**The data:**
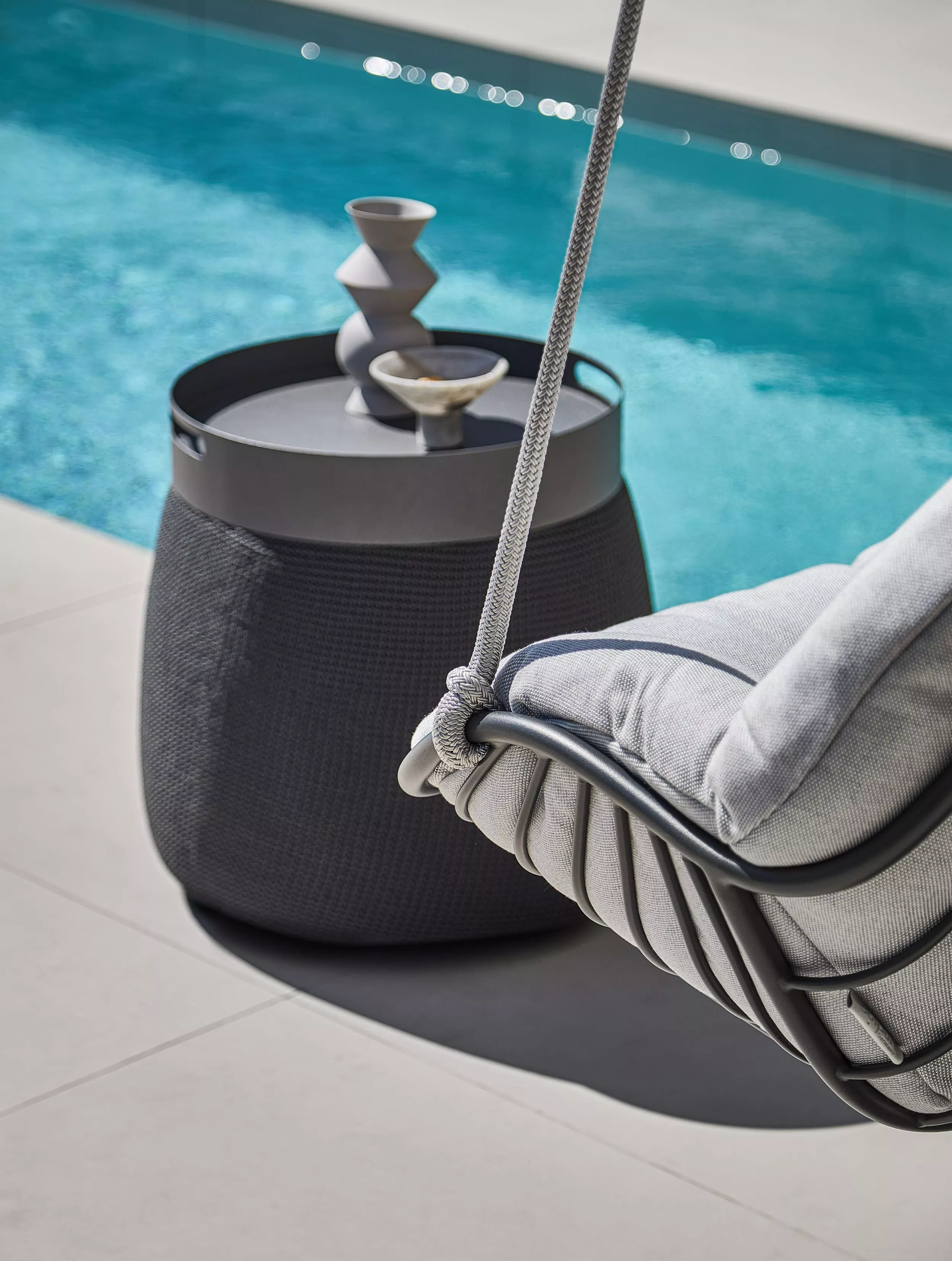 Solpuri Chill-A Hängesessel und Beistelltisch am Pool mit Dekoration in einer entspannten Outdoor-Atmosphäre bei sonnigem Wetter.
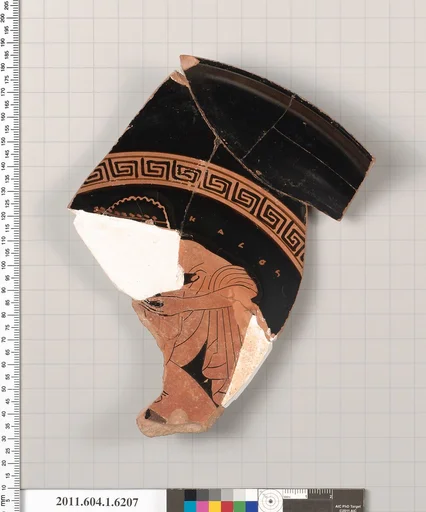 Terracotta fragment of a kylix (drinking cup)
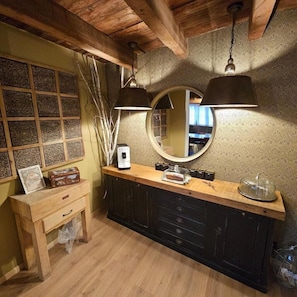A kitchen with wooden cabinets, a wooden countertop, a hanging light fixture, and a mirror.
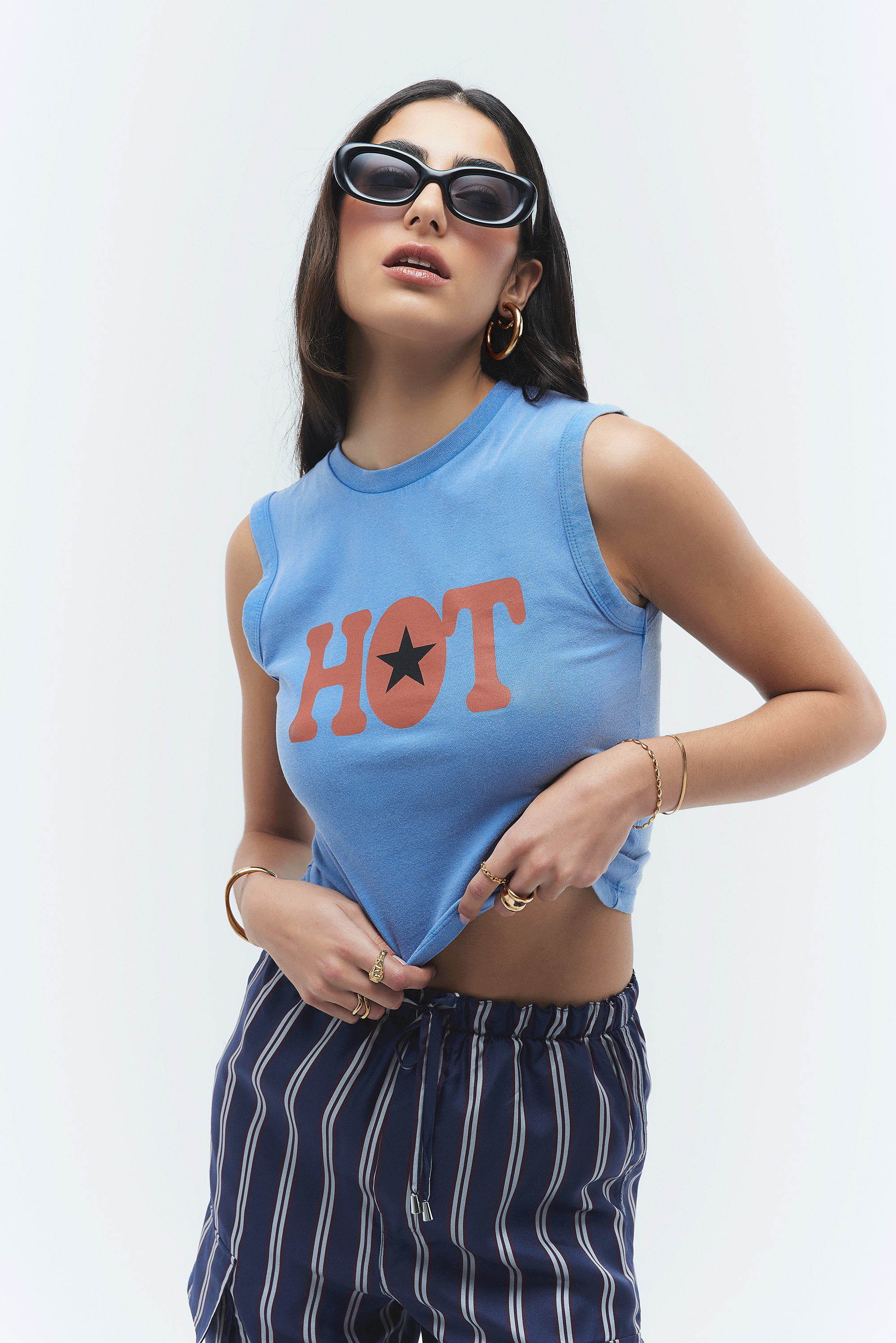 Woman wearing black sunglasses, gold hoop earrings, and multiple gold rings and bracelets, lifting her cropped blue tank top with 'HOT' written on it, against a plain white background.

**Problem description:** The material above should be repeated word for word, with every picture omitted.

**Task solution:**
 Solpuri Chill-A Hängesessel und Beistelltisch am Pool mit Dekoration in einer entspannten Outdoor-Atmosphäre bei sonnigem Wetter.
 Terracotta fragment of a kylix (drinking cup)
A kitchen with wooden cabinets, a wooden countertop, a hanging light fixture, and a mirror.
 Woman wearing black sunglasses, gold hoop earrings, and multiple gold rings and bracelets, lifting her cropped blue tank top with 'HOT' written on it, against a plain white background.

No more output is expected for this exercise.